Module arrow2::compute::merge_sort

Available on crate feature compute_merge_sort only.

Expand description

Functions to perform merge-sorts.

The goal of merge-sort is to merge two sorted arrays, [a0, a1], merge_sort(a0, a1), so that the resulting array is sorted, i.e. the following invariant upholds: sort(merge_sort(a0, a1)) == merge_sort(a0, a1) for any two sorted arrays a0 and a1.

Given that two sorted arrays are more likely to be partially sorted within each other, and that the resulting array is built by taking elements from each array, it is advantageous to take slices of items, not items, from each array. As such, this module’s main data representation is (i: usize, start: usize, len: usize), which represents a slice of array i.

In this context, merge_sort is composed by two main operations:

compute the array of slices v that construct a new sorted array from a0 and a1.
take_arrays from a0 and a1, creating the sorted array.

In the extreme case where the two arrays are already sorted between then (e.g. [0, 2], [3, 4]), we need two slices, v = vec![(0, 0, a0.len()), (1, 0, a1.len())]. The higher the inter-leave between the two arrays, the more slices will be needed, and generally the more expensive the take operation will be.

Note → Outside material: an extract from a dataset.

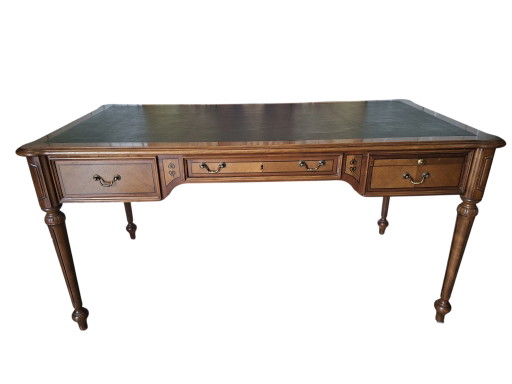 Bureau anglais classique avec incrustations de cuir, bel aspect vieilli, dimensions 155x80cm et 77cm de (photo 2 of 5)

Merge-sort multiple arrays

The main advantage of merge-sort over sort is that it can be parallelized. For example, given a set of arrays [a0, a1, a2, a3] representing the same field, e.g. over 4 batches of arrays, they can be sorted in parallel as follows (pseudo-code):

// in parallel
let a0 = sort(a0);
let a1 = sort(a1);
let a2 = sort(a2);
let a3 = sort(a3);

// in parallel and recursively
let slices1 = merge_sort_slices(a0, a1);
let slices2 = merge_sort_slices(a2, a3);
let slices = merge_sort_slices(slices1, slices2);

let array = take_arrays(&[a0, a1, a2, a3], slices, None);

A common operation in query engines is to merge multiple fields based on the same sorting field (e.g. merge-sort multiple batches of arrays). To perform this, use the same idea as above, but use take_arrays over each independent field (which can again be parallelized):

// `slices` computed before-hand
// in parallel
let array1 = take_arrays(&[a0, a1, a2, a3], slices, None);
let array2 = take_arrays(&[b0, b1, b2, b3], slices, None);

To serialize slices, e.g. for checkpointing or transfer via Arrow’s IPC, you can store them as 3 non-null primitive arrays (e.g. PrimitiveArray<i64>).

Re-exports

pub use crate::compute::sort::SortOptions;

Structs

MergeSortSlices

An iterator adapter that merge-sorts two iterators of MergeSlice into a single MergeSlice such that the resulting MergeSlices are ordered according to comparator.

Functions

build_comparator

returns a comparison function between any two arrays of each pair of arrays, according to SortOptions.

build_comparator_impl

returns a comparison function between any two arrays of each pair of arrays, according to SortOptions. Implementing custom build_compare_fn for unsupportd data types.

merge_sort

Combines two sorted Arrays of the same crate::datatypes::DataType into a single sorted array. If the arrays are not sorted (which this function does not check), the result is wrong.

merge_sort_slices

Given two iterators of slices representing two sets of sorted Arrays, and a comparator bound to those Arrays, returns a new iterator of slices denoting how to take slices from each of the arrays such that the resulting array is sorted according to comparator

slices

Returns a vector of slices from different sorted arrays that can be used to create sorted arrays. pairs is an array representing multiple sorted array sets. The expected format is

take_arrays

Takes N arrays together through slices under the assumption that the slices have a total coverage of the arrays. I.e. they are such that all elements on all arrays are picked (which is the case in sorting).

Type Definitions

MergeSlice

A slice denoting (array_index, start, len) representing a slice from one of N arrays. This is used to keep track of contiguous blocks of slots. An array of MergeSlice, [MergeSlice], represents inter-leaved array slices. For example, [(0, 0, 2), (1, 0, 1), (0, 2, 3)] represents 2 arrays (a0 and a1) arranged as follows: [a0[0..2], a1[0..1], a0[2..3]] This representation is useful when building arrays in memory as it allows to memcopy slices of arrays. This is particularly useful in merge-sort because sorted arrays (passed to the merge-sort) are more likely to have contiguous blocks of sorted elements (than by random).